Morality is not part of this strange family, and even Martin, who sees the inevitability of the coming chaos, is more medically and psychological oriented than existentially and theologically. And yet, without ever telling us, Bergman shows the great themes of Christian faith.

Despite the fact that Karin’s suffering from a medically categorized illness, her madness is relatable. This is why the film functions on two levels: psychologically (dealing with family relations) and theologically (dealing with an individual’s relation to God). Karin may see God as an ugly and frightening spider who’s trying to penetrate her, but even this bizarre experience with faith reveals a mystical quality about Karin’s desire to know God and to unite with him.

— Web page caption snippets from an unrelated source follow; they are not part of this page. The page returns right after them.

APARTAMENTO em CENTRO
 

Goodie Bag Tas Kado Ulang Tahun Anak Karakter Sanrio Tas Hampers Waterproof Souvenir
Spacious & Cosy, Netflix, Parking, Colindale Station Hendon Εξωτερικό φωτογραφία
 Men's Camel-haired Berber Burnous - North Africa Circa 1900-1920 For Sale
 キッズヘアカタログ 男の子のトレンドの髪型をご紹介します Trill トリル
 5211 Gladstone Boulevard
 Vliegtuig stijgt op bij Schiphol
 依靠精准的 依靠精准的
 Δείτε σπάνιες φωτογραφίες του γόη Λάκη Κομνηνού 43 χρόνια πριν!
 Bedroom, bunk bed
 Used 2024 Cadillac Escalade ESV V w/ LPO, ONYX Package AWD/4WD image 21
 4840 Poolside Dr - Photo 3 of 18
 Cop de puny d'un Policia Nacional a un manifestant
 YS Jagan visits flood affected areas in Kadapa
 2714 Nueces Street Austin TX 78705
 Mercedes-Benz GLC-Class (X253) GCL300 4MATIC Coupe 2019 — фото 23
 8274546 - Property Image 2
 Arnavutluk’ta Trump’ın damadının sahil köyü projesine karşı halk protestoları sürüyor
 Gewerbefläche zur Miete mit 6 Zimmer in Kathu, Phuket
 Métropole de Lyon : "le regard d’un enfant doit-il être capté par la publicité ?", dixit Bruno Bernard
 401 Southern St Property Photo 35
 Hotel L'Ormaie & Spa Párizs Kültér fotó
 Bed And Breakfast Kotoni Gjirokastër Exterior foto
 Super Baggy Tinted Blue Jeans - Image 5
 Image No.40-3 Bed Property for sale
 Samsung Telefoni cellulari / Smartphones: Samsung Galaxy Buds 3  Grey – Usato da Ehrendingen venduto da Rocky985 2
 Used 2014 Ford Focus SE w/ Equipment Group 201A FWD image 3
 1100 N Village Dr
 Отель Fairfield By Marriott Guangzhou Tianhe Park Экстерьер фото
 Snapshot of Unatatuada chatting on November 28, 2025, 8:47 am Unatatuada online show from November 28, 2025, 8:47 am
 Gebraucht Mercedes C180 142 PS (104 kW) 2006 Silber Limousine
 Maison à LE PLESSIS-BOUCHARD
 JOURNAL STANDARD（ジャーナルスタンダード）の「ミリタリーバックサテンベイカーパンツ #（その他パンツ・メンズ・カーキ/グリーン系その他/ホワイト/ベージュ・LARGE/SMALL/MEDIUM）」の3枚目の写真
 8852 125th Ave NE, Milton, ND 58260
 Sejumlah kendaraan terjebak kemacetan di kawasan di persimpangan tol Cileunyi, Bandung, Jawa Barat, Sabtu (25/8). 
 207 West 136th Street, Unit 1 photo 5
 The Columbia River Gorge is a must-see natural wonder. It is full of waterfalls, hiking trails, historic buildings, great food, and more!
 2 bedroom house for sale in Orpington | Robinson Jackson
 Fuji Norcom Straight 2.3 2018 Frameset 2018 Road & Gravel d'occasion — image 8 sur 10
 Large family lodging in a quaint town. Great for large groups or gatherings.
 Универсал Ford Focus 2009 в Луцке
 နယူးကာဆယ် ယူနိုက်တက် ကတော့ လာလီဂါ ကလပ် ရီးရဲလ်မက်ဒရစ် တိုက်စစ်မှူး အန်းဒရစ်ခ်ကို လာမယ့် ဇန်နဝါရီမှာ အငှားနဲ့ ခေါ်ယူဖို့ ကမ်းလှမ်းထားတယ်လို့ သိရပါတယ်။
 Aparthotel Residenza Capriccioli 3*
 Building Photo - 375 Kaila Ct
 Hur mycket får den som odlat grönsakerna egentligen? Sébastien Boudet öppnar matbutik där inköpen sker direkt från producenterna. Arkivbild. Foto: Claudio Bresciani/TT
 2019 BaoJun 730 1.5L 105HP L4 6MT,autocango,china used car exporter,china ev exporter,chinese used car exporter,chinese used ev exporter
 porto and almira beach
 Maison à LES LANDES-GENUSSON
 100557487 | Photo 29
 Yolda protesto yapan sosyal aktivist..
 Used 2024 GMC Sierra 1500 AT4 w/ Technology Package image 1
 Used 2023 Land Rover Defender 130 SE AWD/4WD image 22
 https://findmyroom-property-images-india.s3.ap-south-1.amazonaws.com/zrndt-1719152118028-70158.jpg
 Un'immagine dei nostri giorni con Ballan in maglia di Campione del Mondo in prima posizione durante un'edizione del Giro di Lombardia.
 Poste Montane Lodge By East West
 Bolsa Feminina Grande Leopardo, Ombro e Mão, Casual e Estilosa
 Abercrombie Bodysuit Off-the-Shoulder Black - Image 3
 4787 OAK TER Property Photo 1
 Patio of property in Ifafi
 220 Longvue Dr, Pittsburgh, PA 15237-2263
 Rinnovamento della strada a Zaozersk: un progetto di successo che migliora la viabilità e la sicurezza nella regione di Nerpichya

David, Martin, and Minus are not mad in the clinical sense but each one of them has a distant and remote relationship with God. They’re desperately seeking to communicate with each other but the entirety of their being is stuck in an in-between state unable to make concrete decisions, especially the ones about the possibility of knowing God. What binds them together, paradoxically and hopelessly, is Karin’s madness.

And yet, as the three men try to relate to Karin and her chaotic consciousness, they’re moving toward God. Their only connection to God the Father is Karin, who’s the conduit or a spiritual vessel. But since Karin’s visions are unreliable, their knowledge of God will not only be limiting but also devoid of meaning. They do know, however, that part of the human condition is the journeying from one reality to the next, and at some point, we have to make a choice which reality we wish to be part of. Karin realizes this at the end, when she willingly packs her suitcase and is whisked off by a helicopter to the hospital where, we assume, she’ll stay indefinitely.

What is God? Who is God? Can we have hope in the midst of suffering? Minus desperately asks his father to show him the proof that God exists. David’s not sure but he does equate God with love. Minus is not satisfied with this response and wants to know what kind of love. “All kinds of love,” says his father.

As they stand against the window, boundlessness of the sea behind them, it seems that for the moment, the burden of being has been lifted. Surprisingly, the final words in the film come from Minus: “Papa spoke to me.”

He’s recognized. By asking questions about God’s absence and presence and the fact that David heard his interior cries, Minus feels that he exists and that perhaps hope also exists. The most obvious allusion to this moment of spiritual discernment is that Minus’ implicit and awkward prayer has been heard by God the Father Himself. Faith, which is both spiritual and incarnated, has solidified itself for Minus. The welcome reality of Papa’s love has caused him to pause the disordered existence and emerge out of darkness into the light. For a brief moment, God has spoken back.